From 1998, he led the National Agency for Telecommunications Regulation (ANRT), before joining The World Bank as Lead Regulatory Specialist, where he directed the "Information for Development" (InfoDev) program for the support of entrepreneurs with strong growth in emerging economies.

Terrab was appointed chief executive officer of OCP in 2006, and then chairman and chief executive officer of the OCP Group when it became a Public Limited Company in June 2008. He is also Chairman of the University Mohammed VI Polytechnic.

In June 2019, Terrab became President of the IFA (International Fertilizer Association), a global organization bringing together 480 members of the fertilizer industry in 68 countries. He is the first African executive to chair this Association, and is also a member of the Executive Board.

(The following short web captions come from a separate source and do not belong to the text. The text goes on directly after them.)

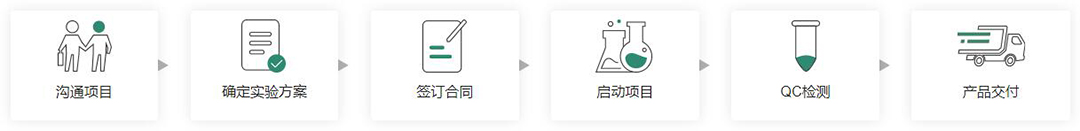 義翹神州CRO實(shí)驗(yàn)外包服務(wù)代理商北京澤平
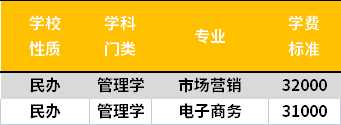 招生專業(yè)及學費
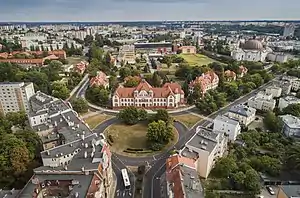 Bird eye view of the ensemble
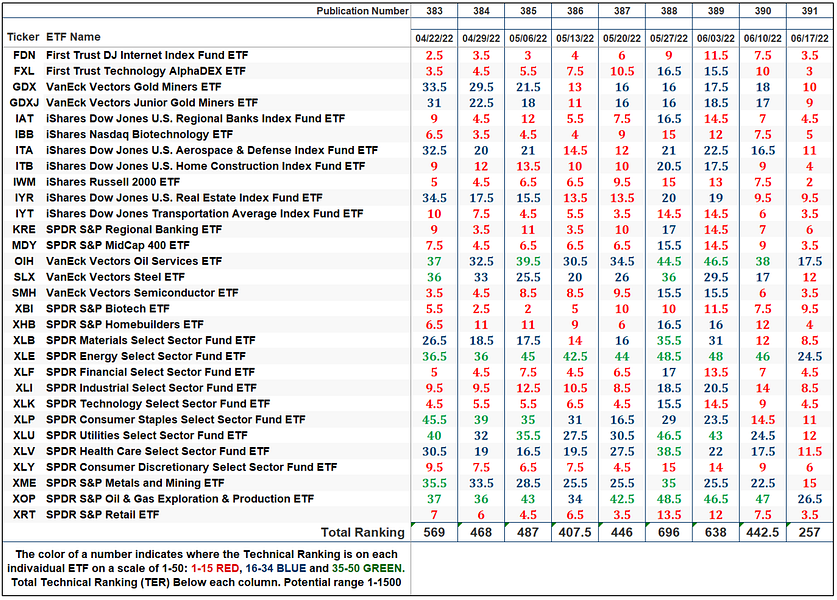 The Market's Compass US Index and Sector ETF Study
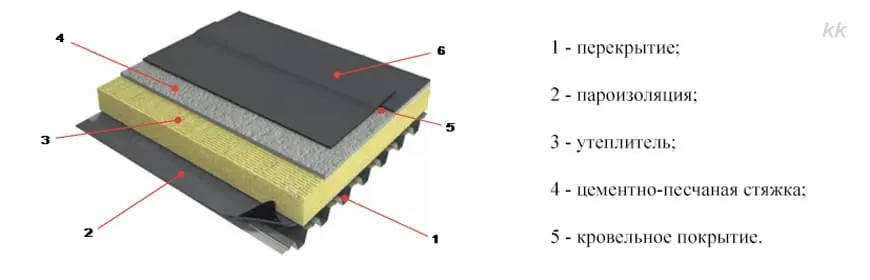 Кровельный пирог для плоской крыши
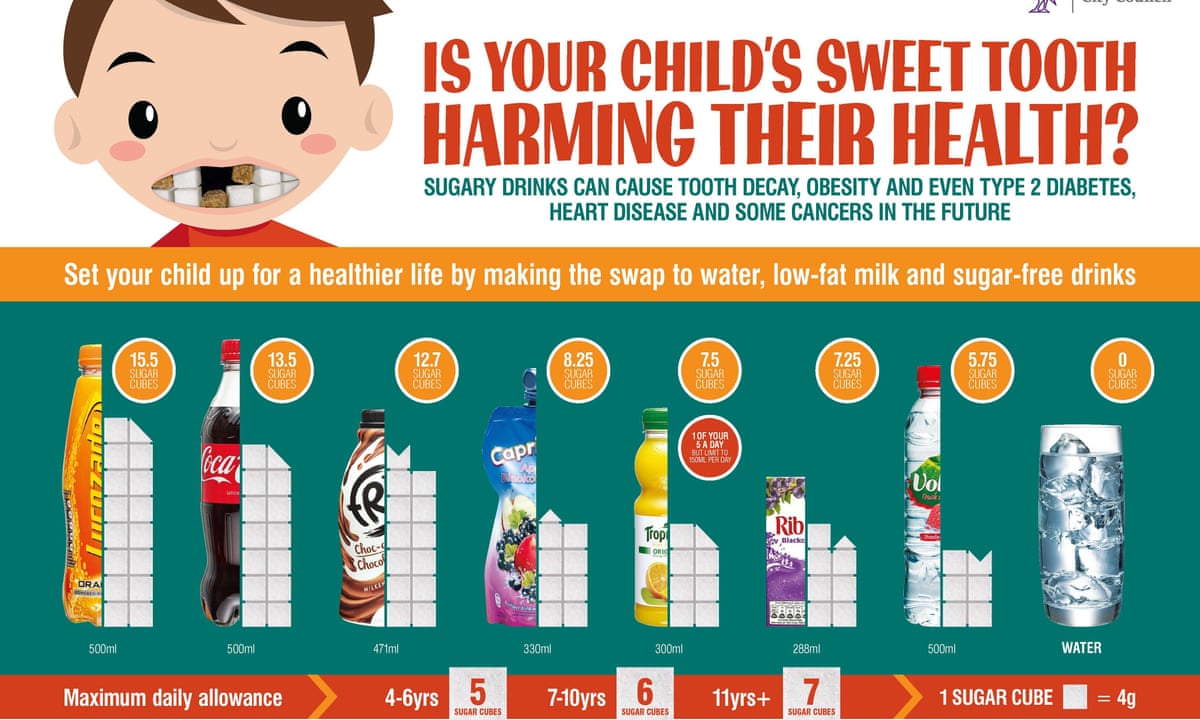 Symptoms of diabetes in childrens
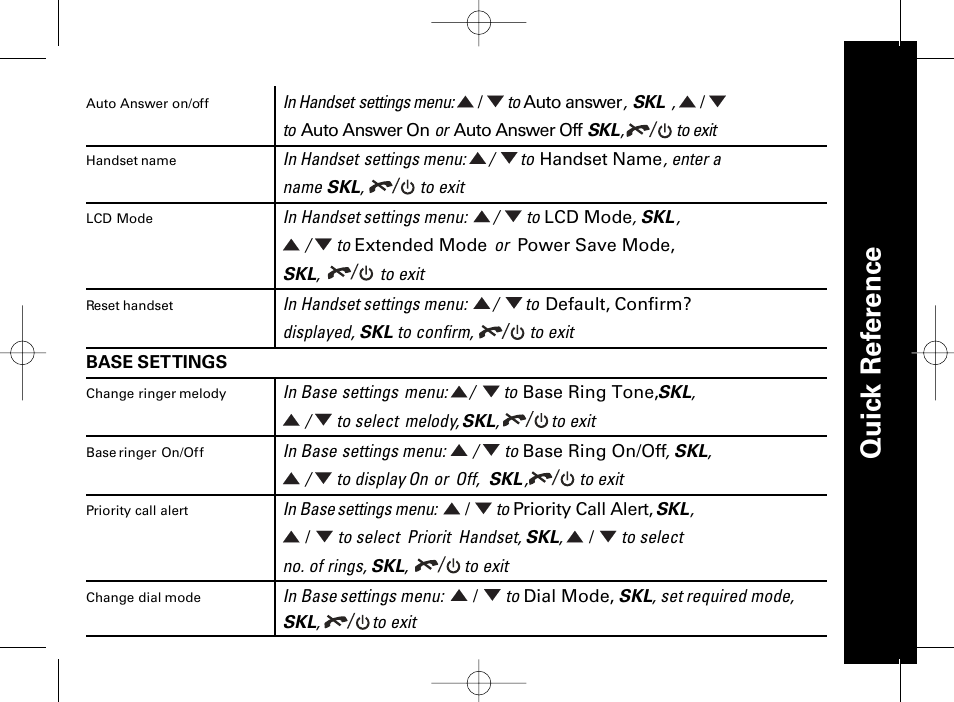 Qu ic k r ef er en ce | Motorola ME4851 User Manual | Page 65 / 74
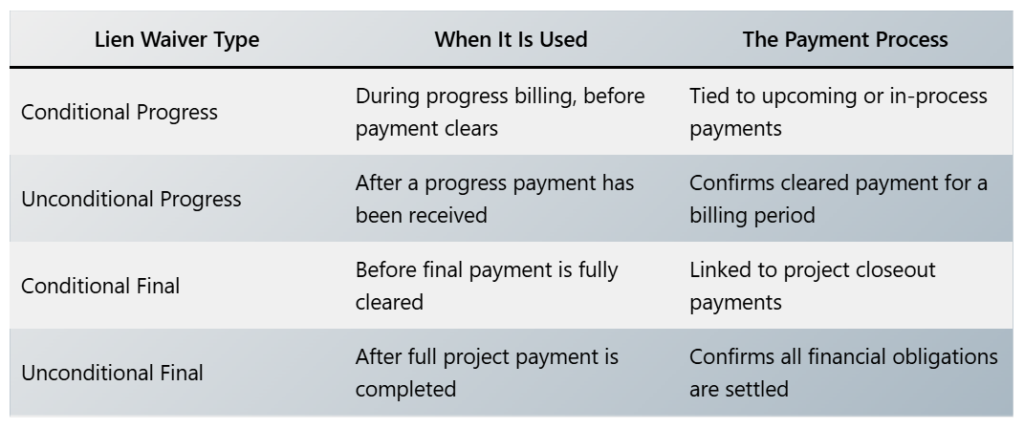 Lien waiver types compared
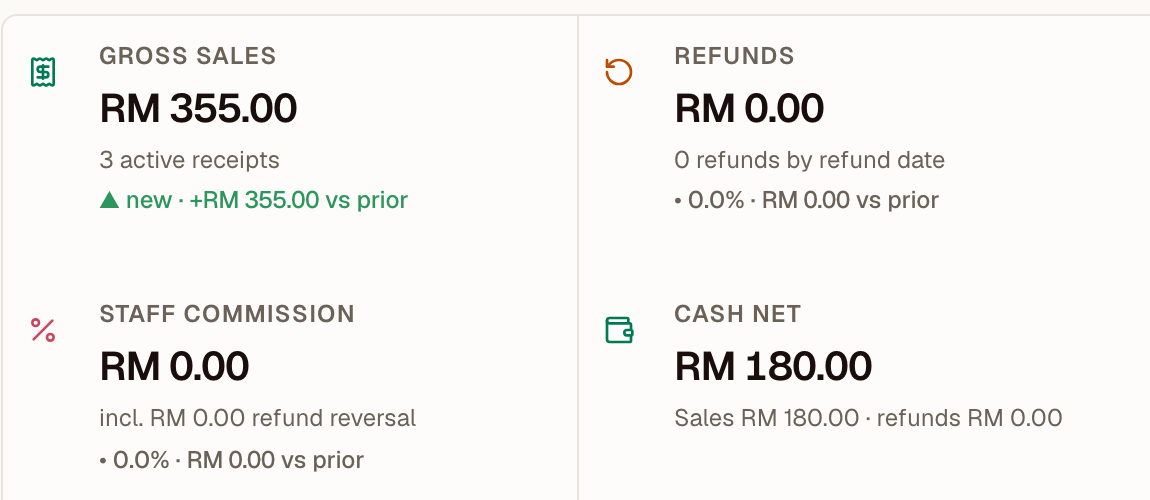 OnlyKipas owner reports: gross sales, refunds, net, cash and card reconciliation for the day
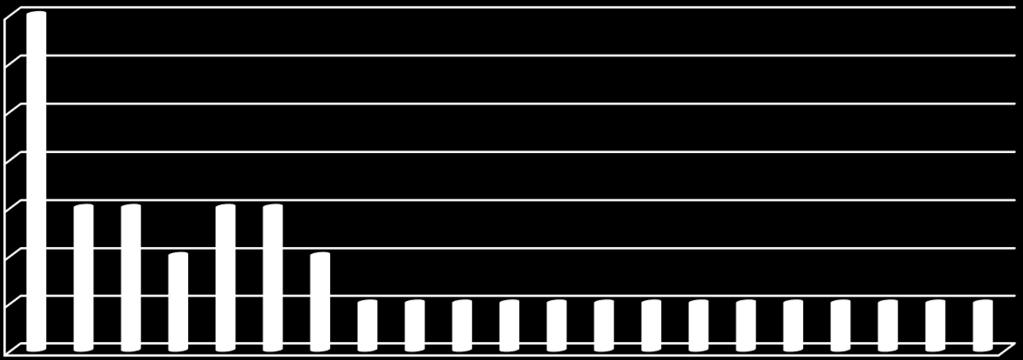 Grafik 5 Ajans Personelinin Cinsiyet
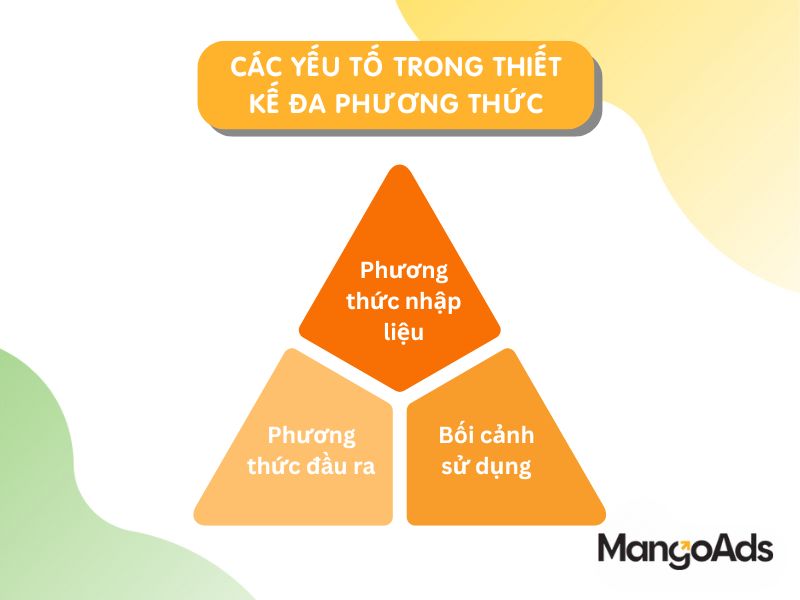 Hình 1: Các yếu tố trong thiết kế đa phương thức (Nguồn: MangoAds)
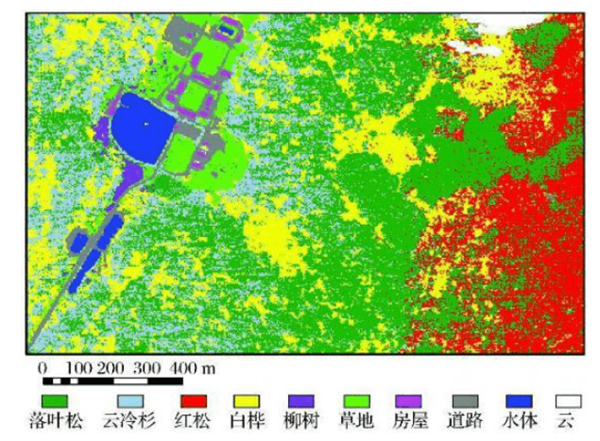 高光譜遙感在林業中的應用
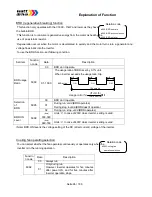 Предварительный просмотр 96 страницы Watt Drive V3000-015HF Manual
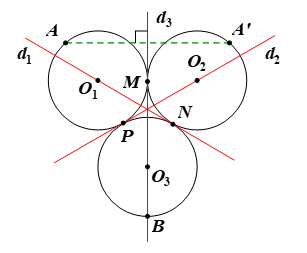 Cho ba đường tròn có bán kính bằng nhau và đôi một tiếp xúc ngoài với nhau tạo thành hình ℋ. Hỏi ℋ có mấy trục đối xứng? A. 0. B. 1. C. 2. D. 3. (ảnh 1)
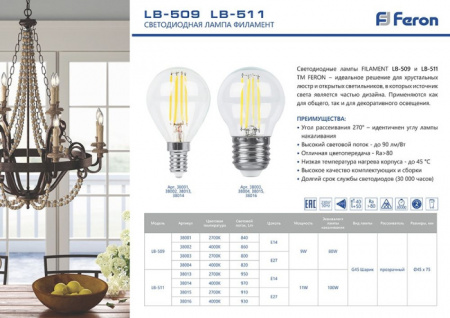 Светодиодная лампа Feron LB-511 38014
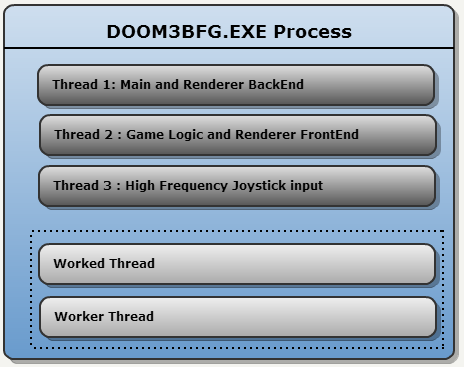 Doom3 BFG — обзор исходного кода: Многопоточность (часть 2 из 4)
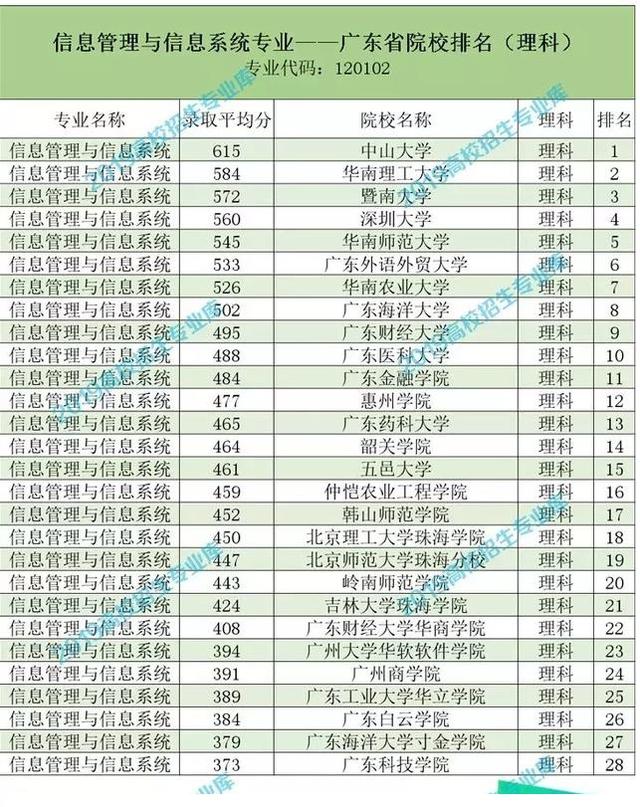 ��Ϣ��������Ϣϵͳרҵ��������ʱ����Խ��Խ�á���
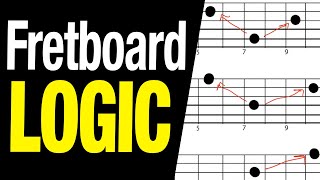 Fretboard Logic  2 ESSENTIAL skills for fretboard mapping [upl. by Gnoh]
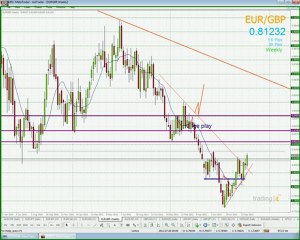 Live market analysis and trading setups 18 October 2012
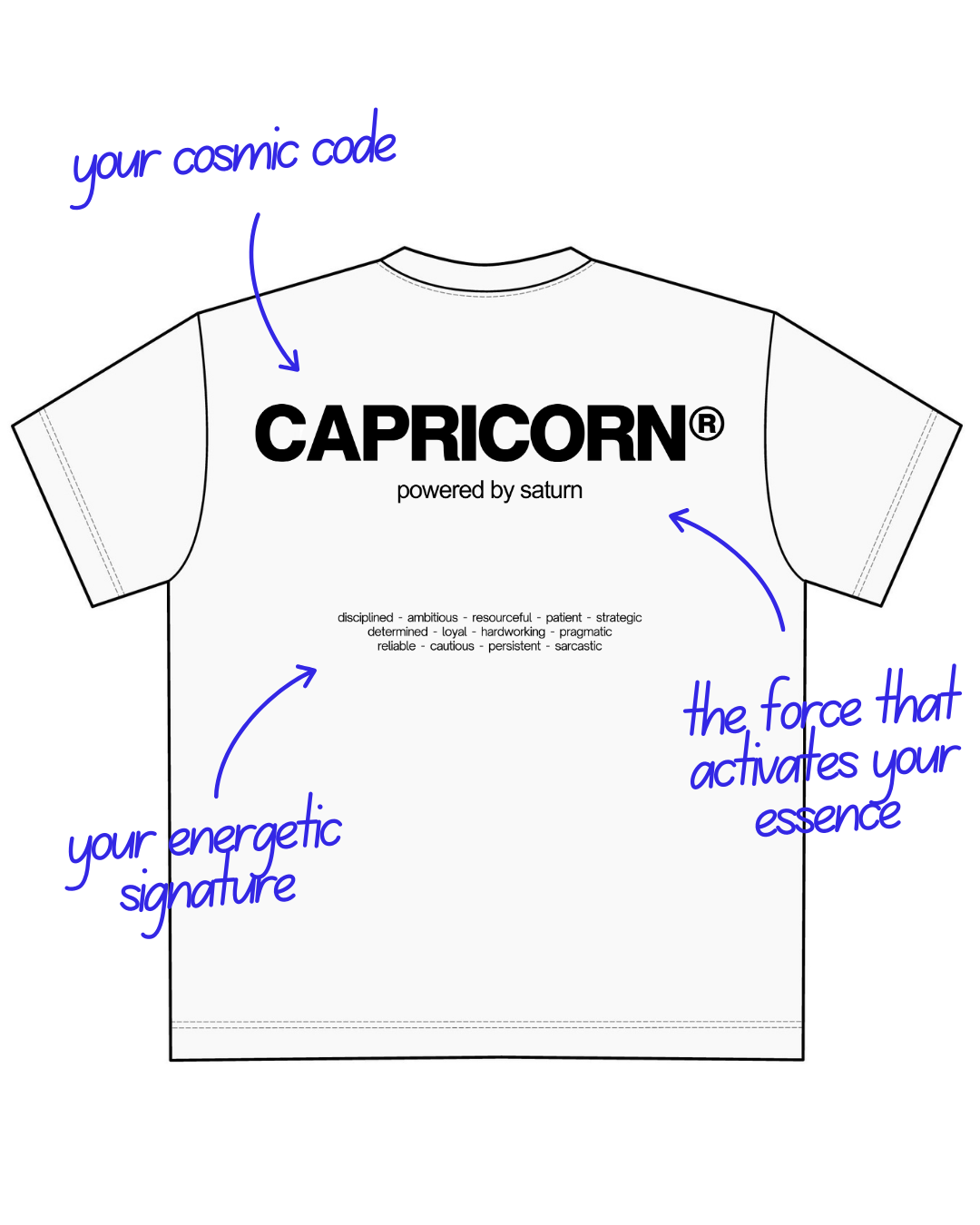 THE SIGNATURE T-SHIRT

In late 2019, Terrab was appointed to a 35-member committee for Moroccan Development, made up of a diverse cross-section of the most respected people in Morocco. The committee will deliver a report to King Mohammed VI on the impacts of the reform programs initiated in the Kingdom, across education, society, environment, infrastructure and the economy. The report will also deliver recommendations on best practice and future initiatives.

== Other activities ==
- French Institute of International Relations (IFRI), Member of the board of directors

== Personal life ==
Terrab is married and the father of three children.

== Awards and honours ==
In 1998, he received the Frederick C. Hennie III prize for his contribution to the MIT's Department of Electrical Engineering & Computer Science teaching programme. In 2012, Morocco World News named him Person of the Year for his contributions to the "most vital" sector of the Moroccan economy. He was named one of the 100 most influential Africans by New African Magazine in 2013 and one of the 50 most influential Africans worldwide by Jeune Afrique Magazine in 2014.